### Task prompt
Your answer must be an exact copy of the records below, minus the pictures.
(Dataset begins)
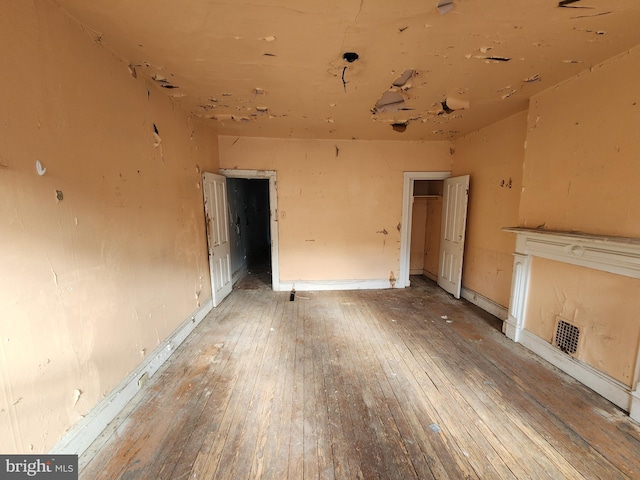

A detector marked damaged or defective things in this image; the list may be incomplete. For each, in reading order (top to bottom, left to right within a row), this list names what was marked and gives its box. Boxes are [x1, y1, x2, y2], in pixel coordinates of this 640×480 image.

peeling ceiling paint [51, 0, 640, 141]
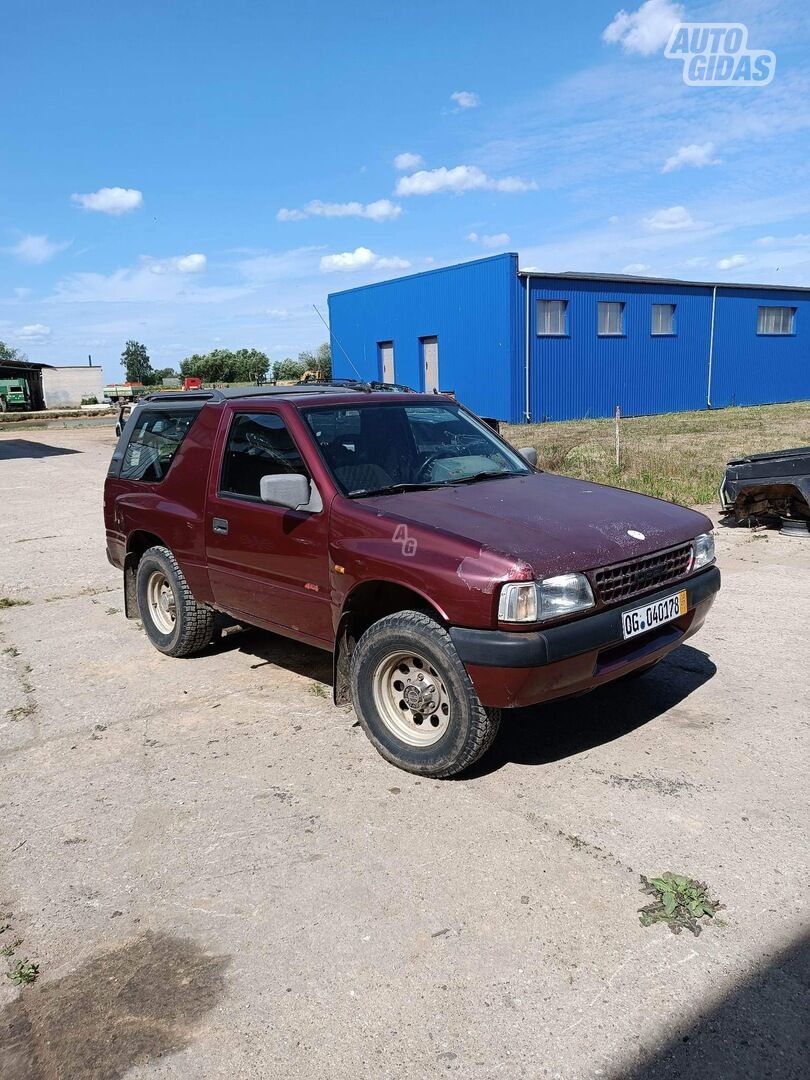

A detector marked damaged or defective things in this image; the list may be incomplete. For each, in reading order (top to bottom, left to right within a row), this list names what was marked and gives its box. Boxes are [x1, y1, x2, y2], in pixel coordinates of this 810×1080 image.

abandoned car part [102, 384, 720, 772]
abandoned car part [720, 446, 808, 524]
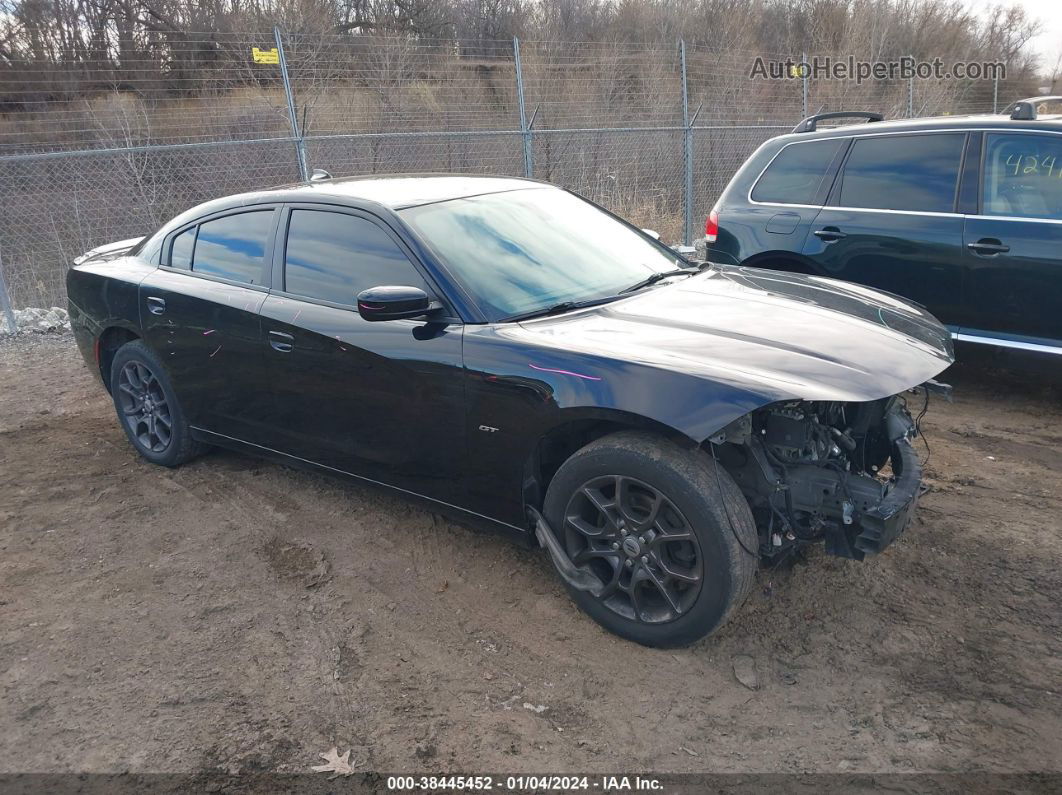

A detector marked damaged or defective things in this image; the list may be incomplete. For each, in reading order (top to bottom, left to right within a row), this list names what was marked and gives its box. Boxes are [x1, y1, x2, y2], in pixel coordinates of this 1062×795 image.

front-end collision damage [708, 382, 948, 564]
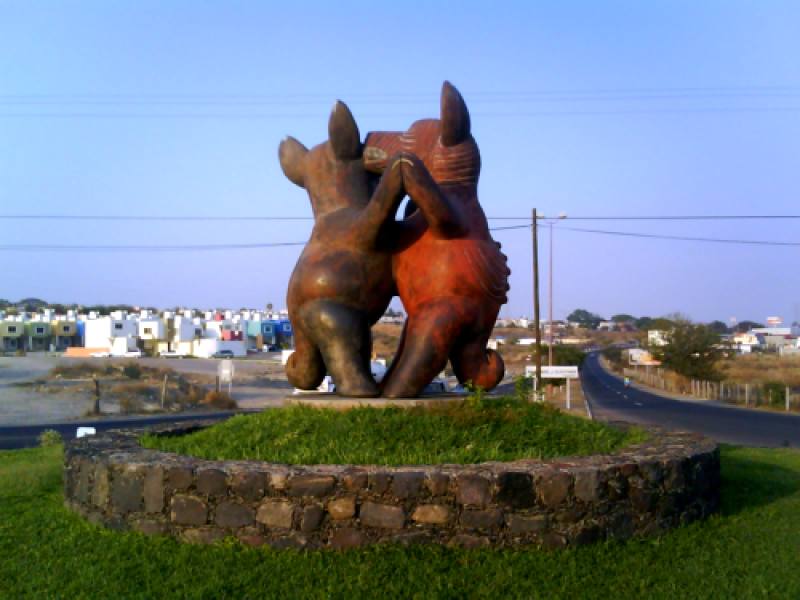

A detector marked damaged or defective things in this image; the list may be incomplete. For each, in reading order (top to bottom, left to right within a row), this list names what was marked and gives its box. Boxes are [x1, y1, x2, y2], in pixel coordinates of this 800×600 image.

rusty metal sculpture [278, 81, 510, 398]
rusty metal sculpture [364, 81, 510, 398]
(Dataset ends)
### Expected answer
A detector marked damaged or defective things in this image; the list may be incomplete. For each, in reading order (top to bottom, left to right within a row), this list names what was marked and gives its box. Boxes are [x1, y1, x2, y2], in pixel coordinates of this 640×480 image.

peeling ceiling paint [51, 0, 640, 141]

A detector marked damaged or defective things in this image; the list may be incomplete. For each, in reading order (top to bottom, left to right within a row), this list names what was marked and gives its box. Boxes are [x1, y1, x2, y2], in pixel coordinates of this 810×1080 image.

abandoned car part [102, 384, 720, 772]
abandoned car part [720, 446, 808, 524]

A detector marked damaged or defective things in this image; the list may be incomplete. For each, in reading order (top to bottom, left to right within a row), this list names what was marked and gives its box. Boxes are [x1, y1, x2, y2], in pixel coordinates of this 1062×795 image.

front-end collision damage [708, 382, 948, 564]

A detector marked damaged or defective things in this image; the list may be incomplete. For each, in reading order (top to bottom, left to right within a row), this list names what was marked and gives its box. Boxes are [x1, y1, x2, y2], in pixel coordinates of this 800×600 image.

rusty metal sculpture [278, 81, 510, 398]
rusty metal sculpture [364, 81, 510, 398]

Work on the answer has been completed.